Metal is a chameleon, of sorts. It's a genre that, perhaps more than the others, can take on different shapes and colors to fit your taste. It can blend in when needed, resulting in a few tremendous style mash-ups. Atoma incorporated electronic elements into their doom-centric sound, and Tengger Cavalry have made Mongolian metal a world-wide, newsworthy item. For Al-Namrood, the fusion of Middle Eastern instrumentation and blackened metal makes perfect sense both artistically and stylistically. After all, metal has taken many cues from world music, merging ancient history and folklore with heavy instruments to form an entirely new sound. On Diaji Al Joor, the band looks to push that sound forward, and carve out a place for themselves in a new and exciting circle of musical acts.
Inevitably, there is one thing that stands out early in a listening experience, and that becomes the focus of your adoration or disappoint. The early instrumentals are beautifully done, laying all of the cards on the table. They are a mission statement; here's what we do best, and here's what it sounds like in our minds. A well balanced mix of thumping drums and plucked strings emerges, almost as if every band you've ever heard incorporated those same elements. They just sound so right. Then, something changes; the vocals happen. Unpolished would almost seem like an upgrade, as the vocal lines feel somehow detached from the rest of the mix. It isn't a matter of a language barrier, though, as much as it is the actual recording of the layer itself. It's almost as if the album had been completed, and the vocals were tacked on just before the release. Again, it doesn't speak to the content, but the overall production. The first time through Hawas Wa Thuar tells the entire story, will the disconnect sitting right in the forefront of the mix.
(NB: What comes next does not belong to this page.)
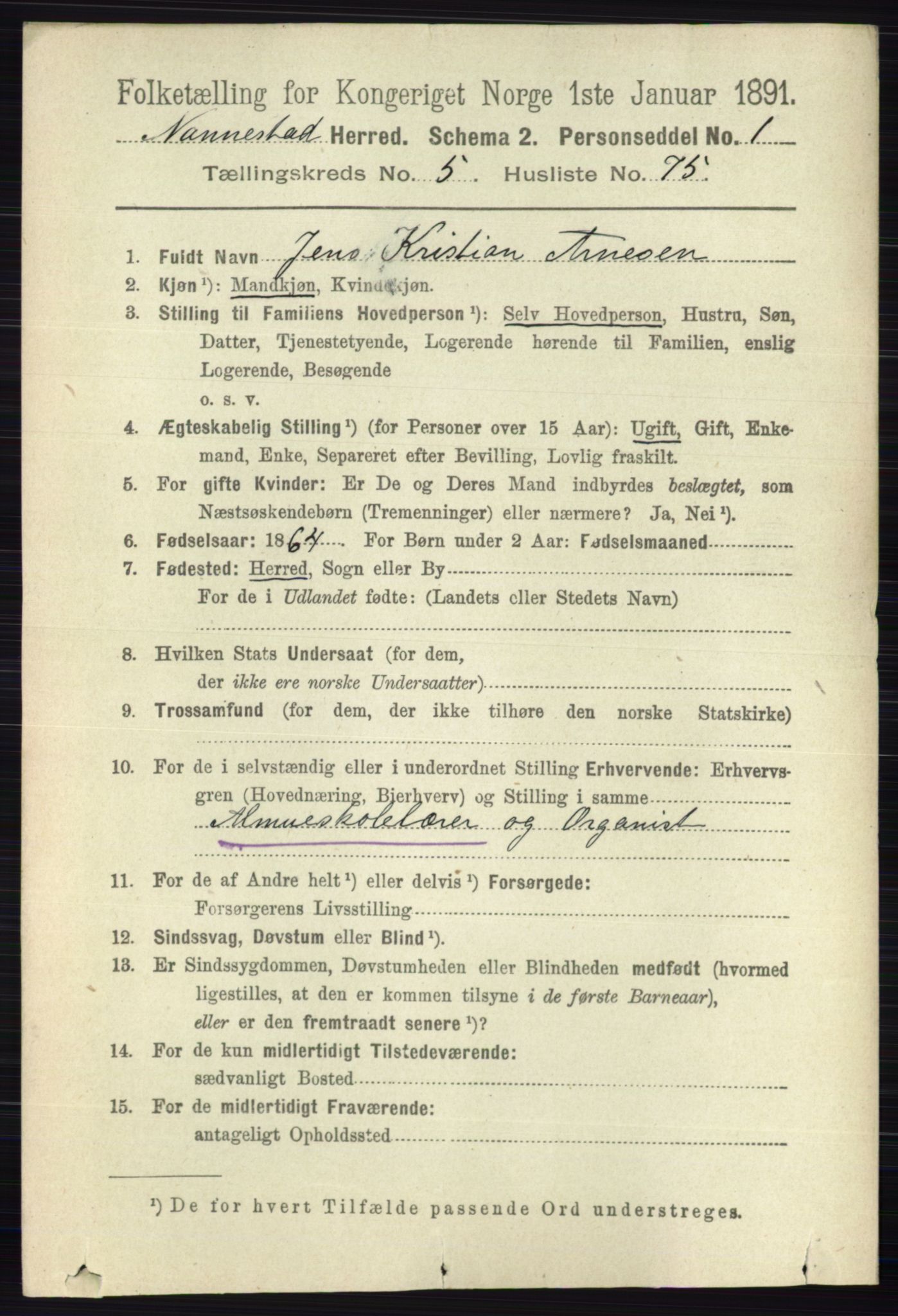 RA, 1891 census for 0238 Nannestad, 1891, p. 2994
From that moment on, you're immersed in a fight you didn't expect, and probably didn't want. You shift your focus, hoping you can simply remove the vocal track in your mind and enjoy the swirling melody below. But, try as you may, it simply doesn't happen. When the tracks change gears and go completely voice free, you can enjoy all of the small and separate elements that go into making this partnership work. It's wholly Middle Eastern, an easily recognizable style that permeates the entirety of the album. That tone is joined by periods of black metal insanity and death metal power. And then, all at once, you lose it again. Even the most structurally and sonically pleasing songs - Ya Le Taasetekum comes to mind - are reduced to something else entirely once the off-key, off kilter chanting comes in. It feels ill-timed, like they missed the given cue by a fraction of a second or more. But more than that, it simply doesn't fit, like putting flame decals on an Aston Martin. You spend more time trying to ignore the vocals than you do enjoy the rest of mix, and that is the type of attention draining pairing that usually results in prematurely stopping a record.
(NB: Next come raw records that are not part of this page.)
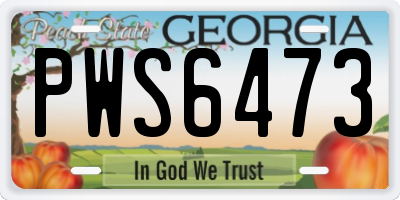 GA license plate PWS6473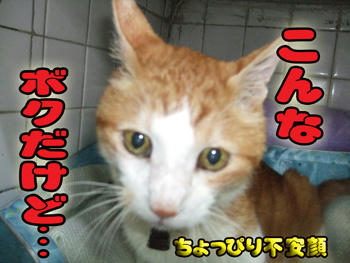 なんでしょう？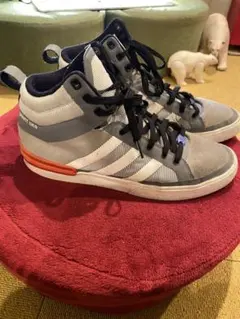 レア★adidas★アディダス「SPRINT WEB」ハイカット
By and large, the marriage of musical styles works here, as the Middle Eastern instruments play silver lining to the gray clouds of the more traditional metal aspects. But they aren't buried, nor are they an afterthought, added in to gain some sort of wide appeal. Each and every appearance not only adds something different to the individual track, but it often elevates it in a way that must be marked as significant for the album which, otherwise, would be a fairly standard effort. Sadly, it's the vocal lines that pull down the overall aesthetic of the record. How they were recorded and in what setting is outside our range of knowledge in this case, but the noticeable separation between instrumental and vocal is distracting. It's a shame, really, as removing the vocals completely would leave the album standing as a nearly perfect foray into the growing world of unique ethnically inspired metal. The bright spots shine through, but the oral dust clouds on Diaji Al Joor leave it hard to endure.